问题描述
我想编写一个正则表达式模式,从一串叙述中提取地址或位置,用于 35 万条记录的数据。
txn_add <- data.frame(NARRATION=c("$ $ $ +YBL PATAUDI CHOWK \ $","$ $ -ATM CASH 83181 + MAIN BHAWANA ROAD NEW DELHI $","$ $ [5839/P1TNDE06/+RAGHUBARPURA $","$ MAXIMUMOUTFITS PRIVATE LIMITED } $ ATDELHIIN- $ $ /5631 $","$ ATM CASH-N4077800-+SPRINGFIELDCOLONYFFAR IDABADHRIN-04/06/18 $ /5631 ( $ $ VERIFICATION $"))
我运行了以下正则表达式模式:
gsub(".*[:|+]([^.]+)[$|\\|\\/].*","\\1",txn_add$NARRATION)
我得到的输出为:
[1] "YBL PATAUDI CHOWK "
[2] " MAIN BHAWANA ROAD NEW DELHI "
[3] "RAGHUBARPURA "
[4] "$ MAXIMUMOUTFITS PRIVATE LIMITED } $ ATDELHIIN- $ $ /5631 $"
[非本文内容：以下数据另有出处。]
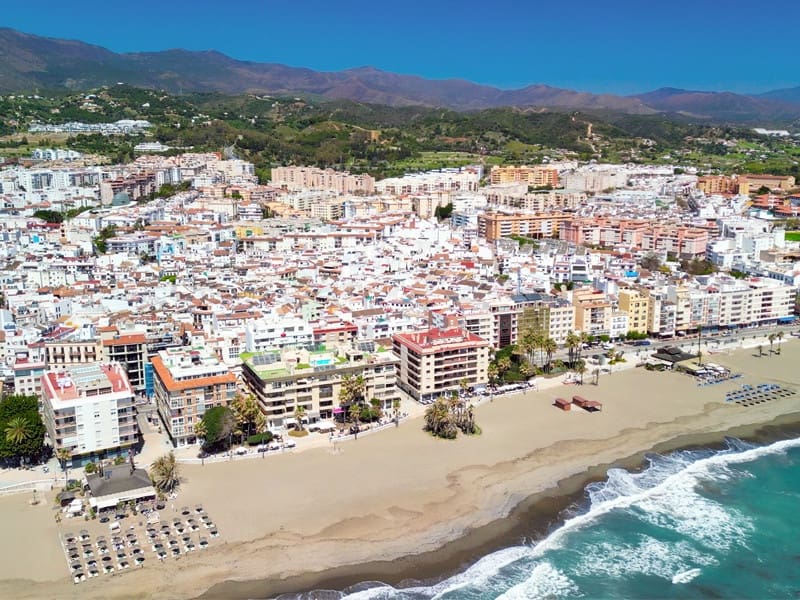 3 quarto Moradia para venda em Estepona com piscina garagem - 1 530 000 € (Ref: 9362778)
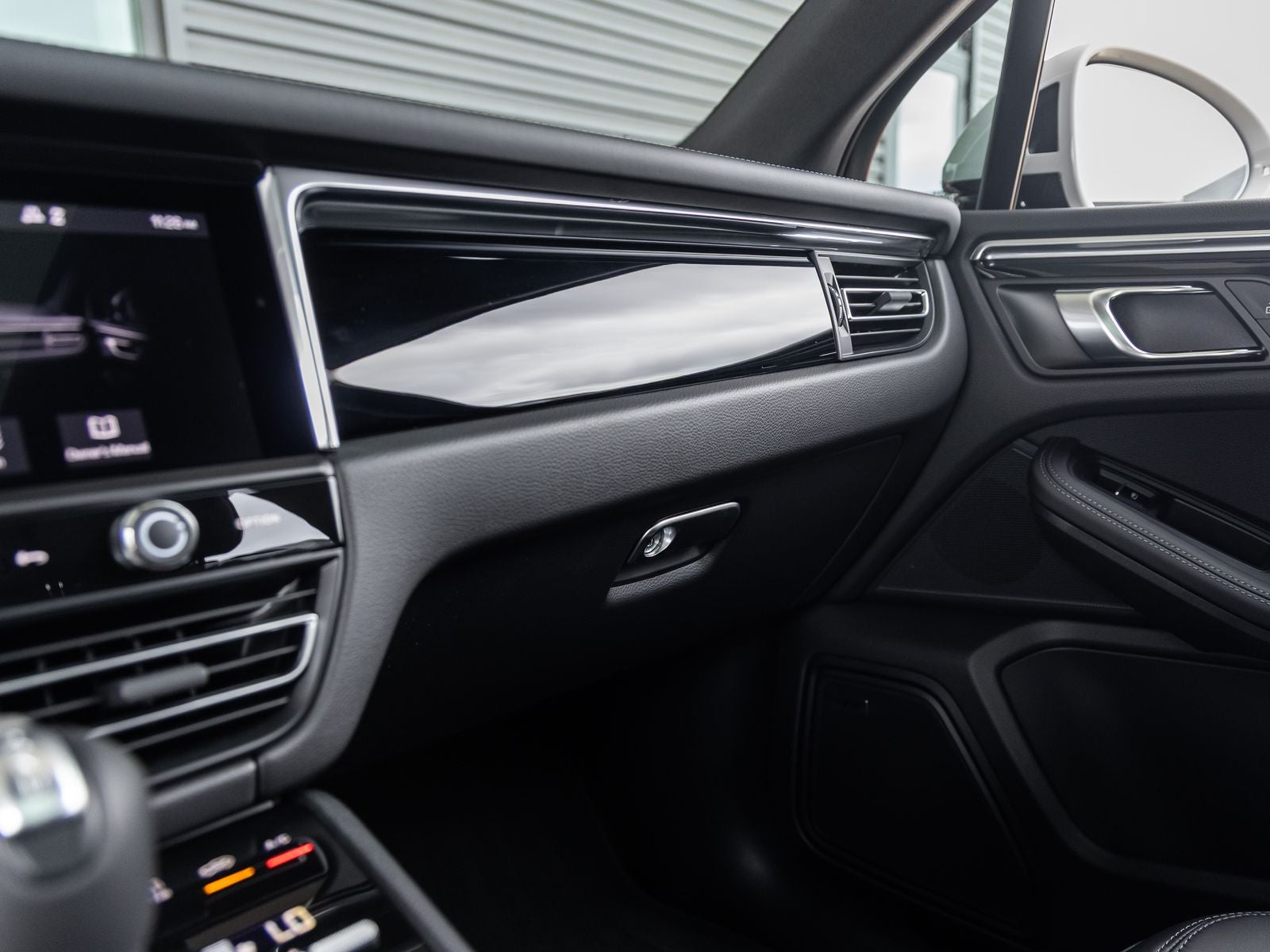 2026 Porsche Macan Macan T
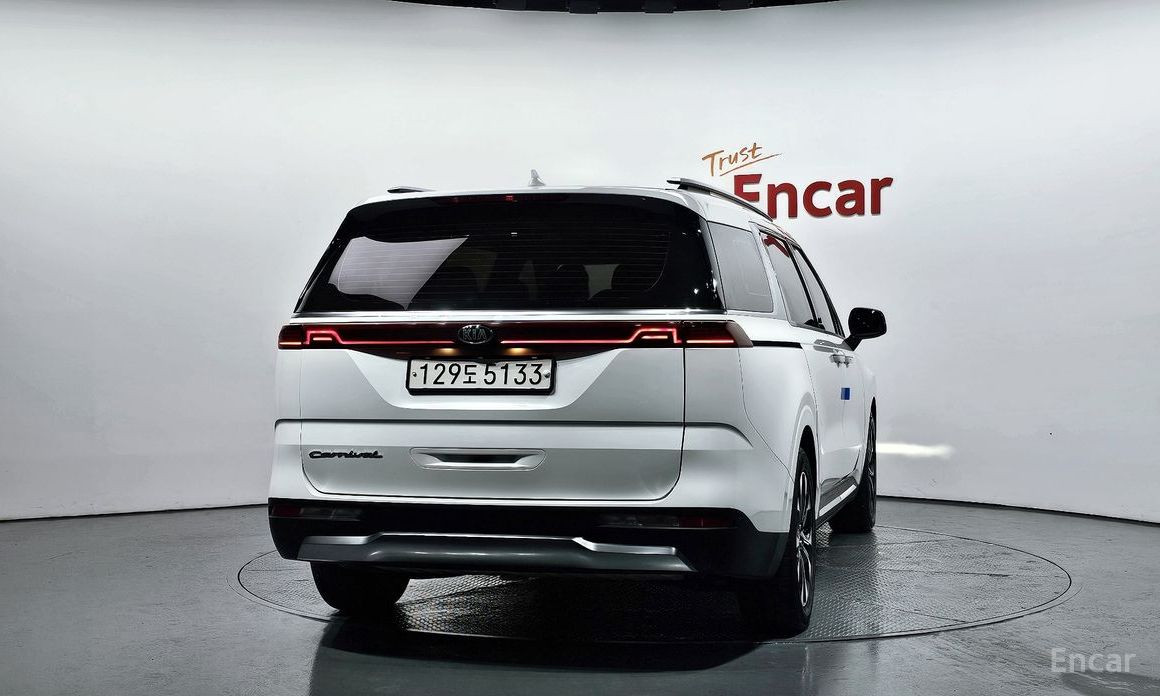 Kia Canival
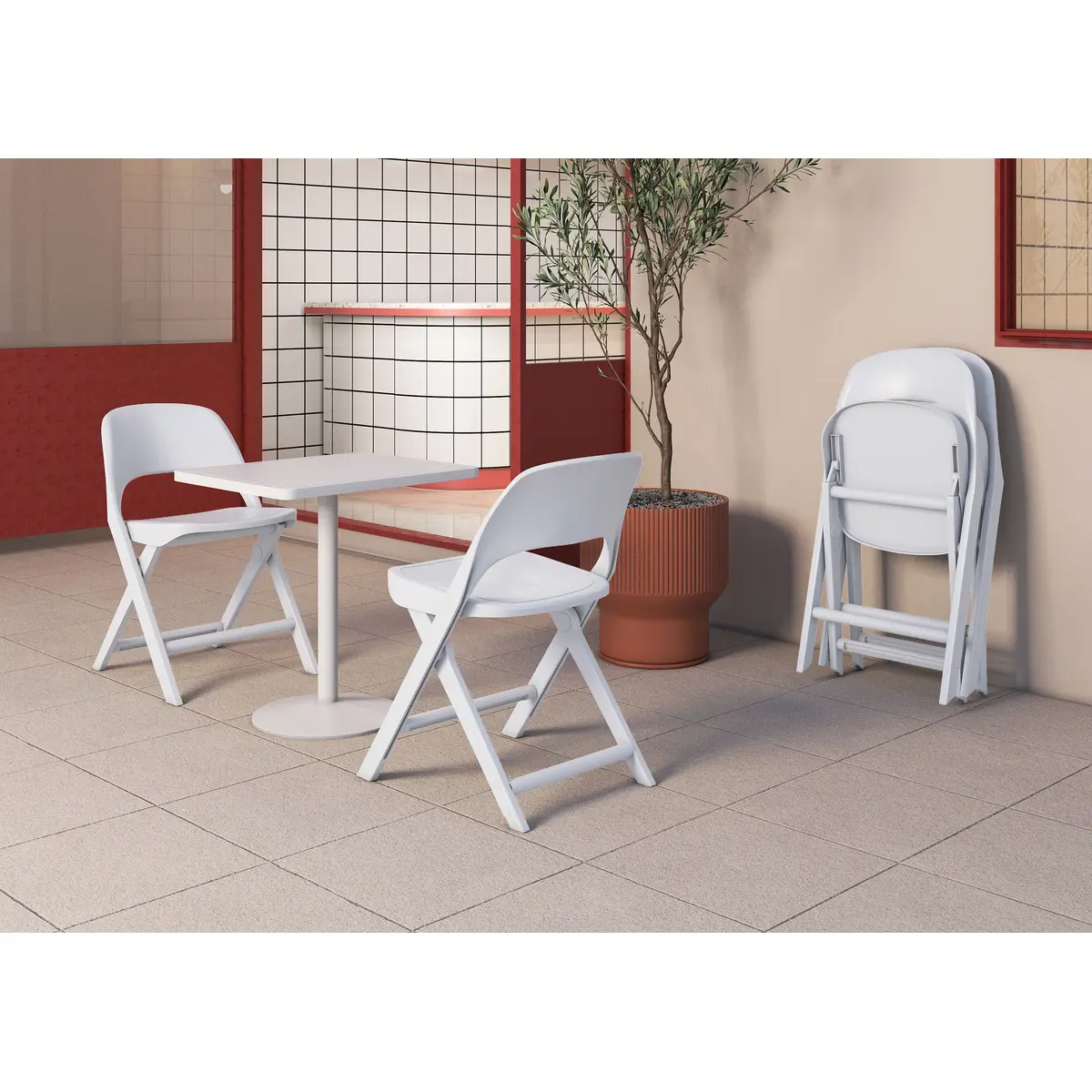Sillas LARIS junto a una mesa y sillas plegadas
[5] "SPRINGFIELDCOLONYFFAR IDABADHRIN-04/06/18 $ /5631 ( $ $ VERIFICATION "
这个输出不正确,因为我必须实现一些条件: 地址可以从:
1. '+'
2. '@'
3. ' AT '
4. ':'
5. <P|S><SBI><P|S> # EXACT TEXT PRECEEDED AND FOLLOWED BY PUNCTUATION OR SPACE
6. <NNN> FOLLOWED BY <P|S|A> # 3 NUMBERS FOLLOWED BY EITHER PUNCTUATION OR SPACE OR ALPHA
并以:
1. -
2. /
3. $
4. \
5.<NNNNNNN> # Combination of numbers
可以包含
Alphabets,numbers,dot (.),dash (-),space ( ),coma(,),underscore (_) brackets(()) at (@),hash (#) and(&) semi colon (;)
[1] "YBL PATAUDI CHOWK"
[2] "MAIN BHAWANA ROAD NEW DELHI "
[3] "RAGHUBARPURA "
[4] "DELHIIN"
[5] "SPRINGFIELDCOLONYFFAR IDABADHRIN"
我无法获得所需的输出。接下来我可以尝试什么?
解决方法
您可能会使用捕获组
(?:[+@:]|\bAT(?!M))\s*([A-Z]+(?:\s+[A-Z]+)*)
说明
-
(?:
非捕获组-
[+@:]
匹配+
@
:
之一
-
|
或 -
\bAT(?!M)
匹配 AT 后面没有M
-
-
)
关闭群组 -
\s*
匹配 0+ 个空白字符 -
(
捕获组 1-
[A-Z]+(?:\s+[A-Z]+)*
匹配字符 A-Z,中间有 1 个以上的空白字符
-
-
)
关闭第 1 组
用子匹配所有前后组:
sub(".*(?:[+@:]|\\bAT(?!M))\\s*([A-Z]+(?:\\s+[A-Z]+)*).*","\\1",txn_add$NARRATION,perl=TRUE)